And how are we supposed to help if we don't know what these errors are?

Please post all error messages. And the exactly code you're using.

 

Ok here is every thing I have-

Basic test form to submit data to table -

<form action="gift.php" method="post">
<input type="text" name="giftid" value="$name">
<input type="text" name="recipientid" value="$recipientid">
<input type="text" name="username" value="$username">
<input type="submit" name="Submit" value="Submit" class="mybutton">
</form>

HTML:

<form action="gift.php">from above !

<?
require ("config.php");
include("functions.php");



// Insert a row of information into the table "giftlog"
mysql_query("INSERT INTO giftlog
(Giftid, Recipientid,Fromid) VALUES('$giftid', '$recipientid', '$username' ) ")
or die(mysql_error());



echo "Data Inserted!";

?>

PHP:

To view gifts in member area -

<?
$username = (int)$_GET['username'];
$result = mysql_query("SELECT giftlog.name AS name, giftlog.image
AS image FROM giftlog
LEFT JOIN gifts
ON giftlog.giftid = gifts.giftid
WHERE giftlog.recipientid=" . $username);

while ($row = mysql_fetch_assoc($result))
{
echo $row['name'];
echo $row['image'];
}
?>

PHP:

error message- Warning: mysql_fetch_assoc(): supplied argument is not a valid MySQL result resource



Also please not I have change userid to username, I am playing around with this so either change it back or ignore it.

 

OK, the problem seems to be that $userid is not a numeric value.
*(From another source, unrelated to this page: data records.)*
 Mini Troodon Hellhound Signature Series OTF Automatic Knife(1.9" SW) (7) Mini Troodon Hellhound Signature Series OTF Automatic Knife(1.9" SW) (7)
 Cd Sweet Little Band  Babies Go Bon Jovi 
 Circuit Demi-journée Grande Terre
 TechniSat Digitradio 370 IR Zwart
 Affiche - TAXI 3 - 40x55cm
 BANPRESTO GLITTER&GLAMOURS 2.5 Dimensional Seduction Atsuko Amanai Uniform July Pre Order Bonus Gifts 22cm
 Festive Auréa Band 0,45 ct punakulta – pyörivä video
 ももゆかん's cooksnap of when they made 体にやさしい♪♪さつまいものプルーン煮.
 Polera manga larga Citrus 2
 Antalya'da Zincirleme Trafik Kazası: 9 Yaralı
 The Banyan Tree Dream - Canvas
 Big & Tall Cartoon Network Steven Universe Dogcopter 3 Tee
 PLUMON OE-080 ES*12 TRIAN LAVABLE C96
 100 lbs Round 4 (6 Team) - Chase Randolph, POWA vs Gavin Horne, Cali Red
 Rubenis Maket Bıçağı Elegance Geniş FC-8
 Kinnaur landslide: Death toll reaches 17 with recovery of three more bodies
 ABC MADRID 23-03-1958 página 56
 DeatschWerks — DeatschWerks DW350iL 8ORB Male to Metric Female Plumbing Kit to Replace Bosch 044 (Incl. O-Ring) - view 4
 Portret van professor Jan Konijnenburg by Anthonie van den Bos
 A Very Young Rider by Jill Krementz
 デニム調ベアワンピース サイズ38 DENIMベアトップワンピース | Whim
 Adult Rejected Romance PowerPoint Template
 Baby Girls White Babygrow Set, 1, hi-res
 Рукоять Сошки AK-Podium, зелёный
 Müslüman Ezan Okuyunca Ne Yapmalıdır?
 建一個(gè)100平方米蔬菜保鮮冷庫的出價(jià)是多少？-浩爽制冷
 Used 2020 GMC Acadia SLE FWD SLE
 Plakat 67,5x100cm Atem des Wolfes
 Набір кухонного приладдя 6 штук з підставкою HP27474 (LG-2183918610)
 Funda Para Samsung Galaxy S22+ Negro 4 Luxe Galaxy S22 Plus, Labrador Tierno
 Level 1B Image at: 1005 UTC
Try replacing this:

$userid = (int)$_GET['userid'];

PHP:

with this:

$userid = mysql_real_escape_string( $_GET['userid'] );

PHP:

and call your page like this:

{page name}.php?userid=helen

Brew

 

hhhmmm still getting the same error message -

Warning: mysql_fetch_assoc(): supplied argument is not a valid MySQL result resource.


Would it change anything if I changed userid to username as thats is whats used on the site ?!

 

Yes, however if you are going to change it to this:

$username = mysql_real_escape_string( $_GET['username'] );

PHP:

The you will have to call the page like this:

{page name}.php?username=helen

Brew

 

Ok, but really that shouldnt effect it either way. ?


Anyhow im still get the same message. - Warning: mysql_fetch_assoc(): supplied argument is not a valid MySQL result resource ..